Several events that followed in quick succession afterward, including the refusal to pay the 10 percent telephone tax and the organizing of the Writers and Editors War Tax Protest. rose the number of protesters from a handful to tens of thousands.
During this time, a popular method of protesting was inflating the number of dependents on the W-4 form. This led to 16 indictments and six convictions for tax fraud.
In 1972, the openly socialist Rep. Ron Dellums (D. Calif) introduced the World Peace Tax Fund Act to Congress, which offered conscientious objector status to taxpayers. Though rejected, the bill has been introduced into every Congress since.
In response to Reagan’s call to “re-arm America,” tax resisters’ number tripled after a steady decline between 1978 and 1981, according to the IRS. In 1981, Roman Catholic Archbishop Raymond Hunthausen of Seattle called for all Americans to pay only 50 percent of their income tax, in protest to the nuclear proliferation. This stand was reverberated with other religious figures throughout the country.
From 1990 to 1993, the Alternate Revenue Service was developed by the War Resisters League and co-sponsored by the National War Tax Resistance Coordinating Committee (NWTRCC) and the Conscience and Military Tax Campaign. In one tax season, more than $105,000 was collected and redirected to not-for-profit groups.
Today, the more than 20 People’s Life Funds — which hold resisted tax funds and makes it available to community groups, national war tax resistance organizations and local war tax resistance organizations — base their resistance on the military allocation of the national budget for the Iraq and Afghanistan Wars, which is based at $1.3 trillion for fiscal years 2001 through 2011 for Pentagon war appropriations and between $1.9 trillion and $2.7 trillion in other war costs, according to costofwar.org.
Most resisters refuse to pay a token amount that represents the “military portion” of their income tax, or may refuse to pay the due percentage (according to warresisters.org, 29 percent of income tax goes to the current military’s activities — 3.1 percent of the budget being allocated to the wars alone — and 18 percent to paying off past military activity).
Others file a blank 1040 with a letter of dissent attached or just don’t file at all. Others artificially inflate their dependents on their W-4. As reported on the NWTRCC webpage, in 1972, Lyle Snider claimed 3 billion dependents — the entire human population at that time — on his W-4. He explained that he felt that the world counted on him not to pay his taxes. He was arrested for defrauding the government, convicted and sentenced to 9 months in prison. His case was overturned a year later, mostly because the appellate judge felt an exaggeration that grand could not be reasonably believed.
What to make of all of this?
There is not one standard approach to war tax resisting; the method a person chooses to do this reflects the person’s values and approach on life. A person who would avoid taxes by making less than the federal income threshold is basically a different person than one who would simply not pay taxes.

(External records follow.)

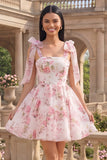 Witte roze bloem A-lijn dikke chiffon homecoming jurk met dikke bandjes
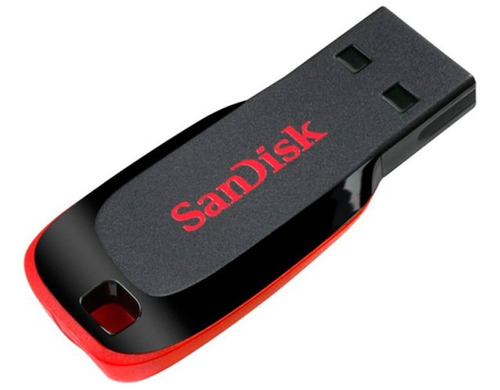 Pendrive Sandisk Cruzer Blade 64gb 2.0 Negro Y Rojo Recoleta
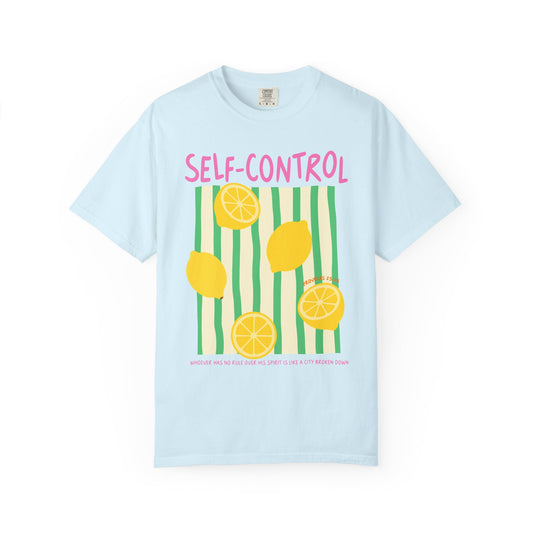 Self-Control Christian Scripture T-Shirt | Proverbs 25:28 Lemon Faith Graphic Tee | Comfort Colors Garment-Dyed Shirt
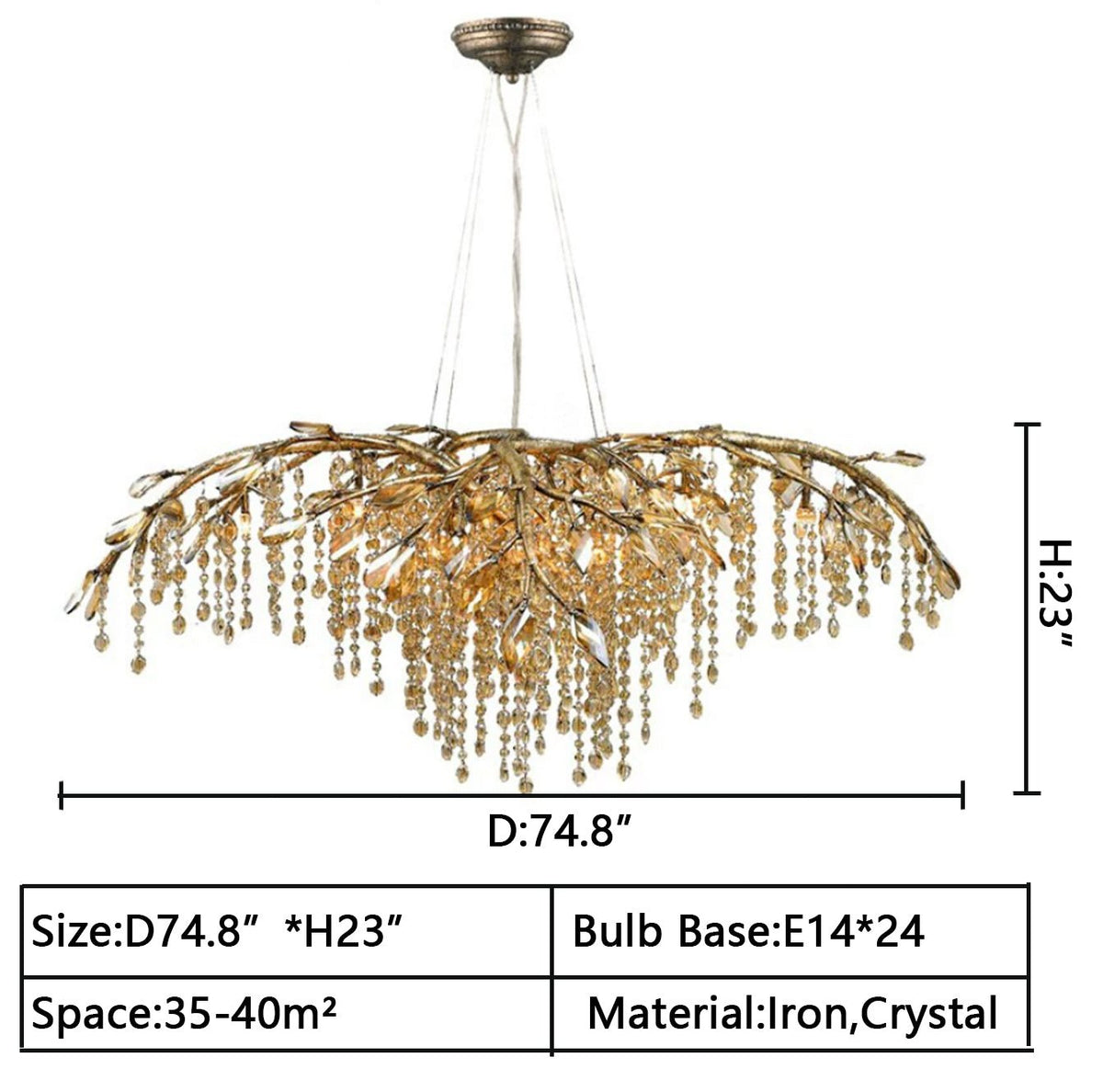New Luxury Branch Crystal Pendant Chandelier Designer Creative Art Dining Room/Living Room Light Fixture - L26.8"*W29.52"*H14.2"GoldWarm LightJoyfuzzy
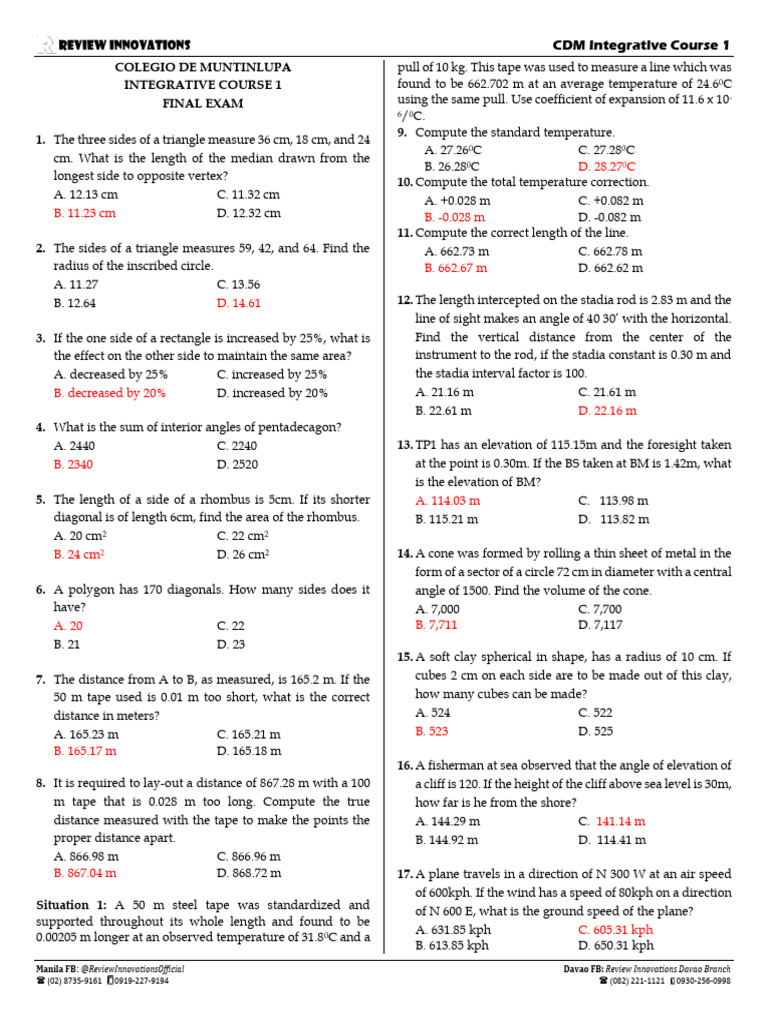 CE Integrative Course 1 CE3 Final Key PDF | PDF | Angle | Area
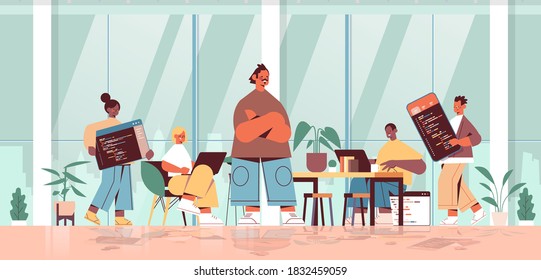 team lead engineer with mix race web developers coding together creating program code development of software and programming concept full length horizontal vector illustration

A person who withholds “the military’s cut” but pays the rest of his bill is fundamentally different from a person who withholds all because he rejects all government spending. All people rebel in their own way, and this is no different.
But, in appreciating this trend and the inherent dangers those who do this embrace — including a tenfold frivolous penalty (from $500 to $5,000), striking the requirement for employers to submit W-4s for employees claiming 10 or more dependents and increased non-filers prioritization) — one should consider a quote from Albert Camus, “The only way to deal with an unfree world is to become so absolutely free that your very existence is an act of rebellion.”